Citrix headaches

One of our clients is beginning to utilize the Citrix XenApp Fundamentals installation we put in a year ago, and we ran into an interesting error when attempting to setup a new user with access. As a bit of background, the client is using Citrix XenApp Fundamentals 3.0 with Windows Server 2008 SP 32-bit. and the user we granted Citrix access to has been an Active Directory user for over three years. There were only two users utilizing the Citrix connection and it had been working flawlessly.

We setup the new user with Citrix access and had them attempt to connect. Once the user selected an application, we ran into an interesting issue. Instead of receiving the streamed application like normal, the Explorer interface ended up popping up with the following error message:

“You have started Windows Explorer in your ICA Seamless session. This will obscure your local Explorer desktop.
to re-enable this ICA Seamless connection, please logoff and restart the Seamless remote application.”
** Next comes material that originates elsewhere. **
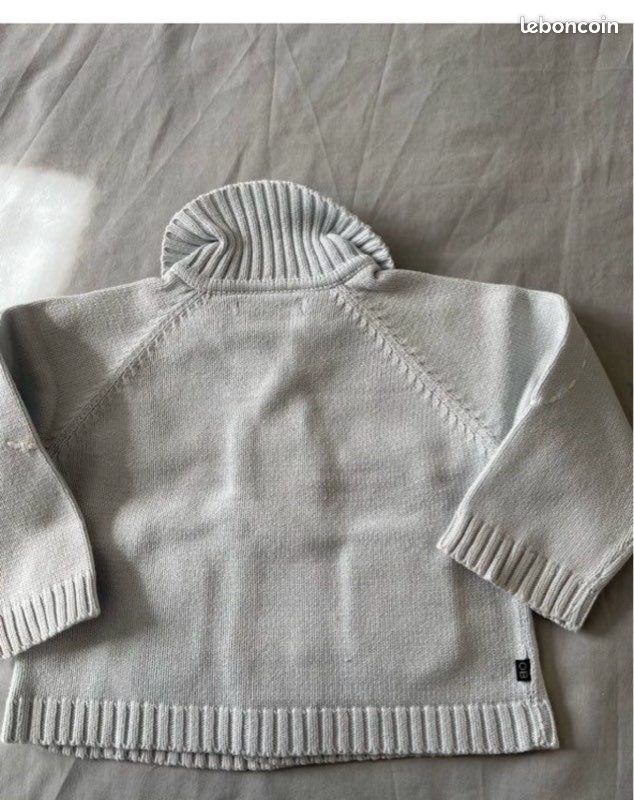 Lot de vêtements bébé 12 mois tbe (image 3)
We knew off the bat that the existing users were having no issues, so that meant it was either the user’s computer, the user’s profile, the user account, or an issue with adding new accounts to Citrix. We opted to eliminate the Citrix issue first and granted another AD user permission on the Citrix server and logged in without an issue. Next, we tried logging into Citrix using that new AD account from the affected user’s computer, again no issue. Lastly, we tried logging in with that user’s account from another computer and we received the same error. We now knew the problem was related to the user’s Active Directory account.

After a bit of Googling, we came across some KB articles from Citrix. Unfortunately, we couldn’t find an article that fit our issues. The Citrix community forums were a bit more helpful and we tried a few fixes suggested by community users such as the following:

  • Delete the profile for the affected user account.
  • Delete the registry key for the affected user from HKEY_LOCAL_MACHINESOFTWAREMicrosoftWindows NTCurrentVersionProfileList
  • Restart the server
  • After removing the profile and the profile registry key, restart the computer, and copy the Default user profile from a working Windows Server 2008 install

None of the above fixes seemed to do the trick. After some more searching I ran across a blog post from James Scanlon. His fix applied to XenApp 5 running on a Server 2008 SP2 install, but we figured it was worth a try at this point. The fix involves clearing an attribute for the affected Active Directory account. We hopped on the domain controller, opened ADSI edit (ADSIEDIT.MSC), expanded domain and organizational unit nodes, and right-clicked on the user and choose to edit the properties. The culprit in this scenario was the userParameter attribute, which from what I understand is used to set user specific settings for terminal services. This value was either corrupt or previously set to a value that was no longer valid. After clearing the value we had the user try logging again, and lo and behold, the application was now streaming correctly.

It must not be a common occurrence, because I wasn’t able to find many references to it on a web. So either my Google skills were suffering due to lack of caffeine, or it’s not a common error. Whatever the case, the problem is solved and all is right in the world!